View on GitHub

Recommender Systems Tutorial

In this tutorial, we’ll provide a simple walkthrough of how to use Snorkel to build a recommender system. We consider a setting similar to the Netflix challenge, but with books instead of movies. We have a set of users and books, and for each user we know the set of books they have interacted with (read or marked as to-read). We don’t have the user’s numerical ratings for the books they read, except in a small number of cases. We also have some text reviews written by users.

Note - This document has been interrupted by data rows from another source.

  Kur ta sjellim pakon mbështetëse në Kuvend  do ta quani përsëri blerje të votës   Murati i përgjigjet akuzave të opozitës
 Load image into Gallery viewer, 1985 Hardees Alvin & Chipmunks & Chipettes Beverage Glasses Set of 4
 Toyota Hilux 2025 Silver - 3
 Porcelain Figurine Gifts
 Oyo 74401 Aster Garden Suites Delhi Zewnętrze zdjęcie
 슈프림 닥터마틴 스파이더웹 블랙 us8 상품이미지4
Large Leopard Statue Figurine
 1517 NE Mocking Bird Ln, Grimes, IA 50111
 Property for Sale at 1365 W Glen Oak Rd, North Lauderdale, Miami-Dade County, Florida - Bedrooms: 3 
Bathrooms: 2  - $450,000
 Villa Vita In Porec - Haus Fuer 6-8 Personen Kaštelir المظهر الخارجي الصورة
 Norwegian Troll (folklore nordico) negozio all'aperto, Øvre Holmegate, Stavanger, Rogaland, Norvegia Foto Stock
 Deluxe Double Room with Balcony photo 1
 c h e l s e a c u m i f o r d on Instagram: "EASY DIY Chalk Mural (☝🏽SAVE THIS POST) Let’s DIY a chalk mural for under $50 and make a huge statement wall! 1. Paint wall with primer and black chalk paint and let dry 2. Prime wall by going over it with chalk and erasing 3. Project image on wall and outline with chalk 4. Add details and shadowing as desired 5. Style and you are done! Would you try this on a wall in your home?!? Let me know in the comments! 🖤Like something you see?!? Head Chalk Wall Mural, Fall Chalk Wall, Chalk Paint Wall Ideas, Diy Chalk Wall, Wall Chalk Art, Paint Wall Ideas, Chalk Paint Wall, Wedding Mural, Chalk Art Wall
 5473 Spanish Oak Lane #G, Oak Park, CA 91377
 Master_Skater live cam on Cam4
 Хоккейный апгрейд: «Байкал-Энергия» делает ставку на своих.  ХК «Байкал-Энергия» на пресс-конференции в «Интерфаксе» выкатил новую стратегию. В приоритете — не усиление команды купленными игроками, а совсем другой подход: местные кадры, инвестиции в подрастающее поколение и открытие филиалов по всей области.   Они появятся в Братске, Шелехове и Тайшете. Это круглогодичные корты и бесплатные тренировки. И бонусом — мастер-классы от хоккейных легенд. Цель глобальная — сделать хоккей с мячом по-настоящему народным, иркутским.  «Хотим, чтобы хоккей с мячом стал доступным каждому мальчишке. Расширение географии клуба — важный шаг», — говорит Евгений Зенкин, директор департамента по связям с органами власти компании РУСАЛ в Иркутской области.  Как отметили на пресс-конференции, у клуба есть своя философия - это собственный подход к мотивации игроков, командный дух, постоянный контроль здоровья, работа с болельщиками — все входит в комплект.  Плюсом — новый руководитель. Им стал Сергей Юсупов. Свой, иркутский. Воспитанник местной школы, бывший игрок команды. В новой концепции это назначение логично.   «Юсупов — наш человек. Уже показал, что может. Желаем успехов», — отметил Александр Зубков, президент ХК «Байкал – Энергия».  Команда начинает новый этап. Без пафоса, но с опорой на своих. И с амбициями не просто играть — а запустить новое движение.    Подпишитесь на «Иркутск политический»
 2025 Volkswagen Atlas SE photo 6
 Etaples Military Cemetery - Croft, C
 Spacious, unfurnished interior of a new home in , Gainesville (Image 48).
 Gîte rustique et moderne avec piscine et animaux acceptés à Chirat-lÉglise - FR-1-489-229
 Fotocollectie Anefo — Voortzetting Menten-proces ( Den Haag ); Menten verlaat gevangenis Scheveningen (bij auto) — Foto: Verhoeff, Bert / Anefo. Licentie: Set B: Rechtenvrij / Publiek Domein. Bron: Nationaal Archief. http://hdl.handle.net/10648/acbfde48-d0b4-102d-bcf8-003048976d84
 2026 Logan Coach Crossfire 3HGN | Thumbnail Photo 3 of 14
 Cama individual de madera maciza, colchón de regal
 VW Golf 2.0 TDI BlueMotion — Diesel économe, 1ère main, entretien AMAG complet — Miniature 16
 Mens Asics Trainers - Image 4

Our goal is to build a recommender system by training a classifier to predict whether a user will read and like any given book. We’ll train our model over a user-book pair to predict a rating (a rating of 1 means the user will read and like the book). To simplify inference, we’ll represent a user by the set of books they interacted with (rather than learning a specific representation for each user). Once we have this model trained, we can use it to recommend books to a user when they visit the site. For example, we can just predict the rating for the user paired with a book for a few thousand likely books, then pick the books with the top ten predicted ratings.

Of course, there are many other ways to approach this problem. The field of recommender systems is a very well studied area with a wide variety of settings and approaches, and we just focus on one of them.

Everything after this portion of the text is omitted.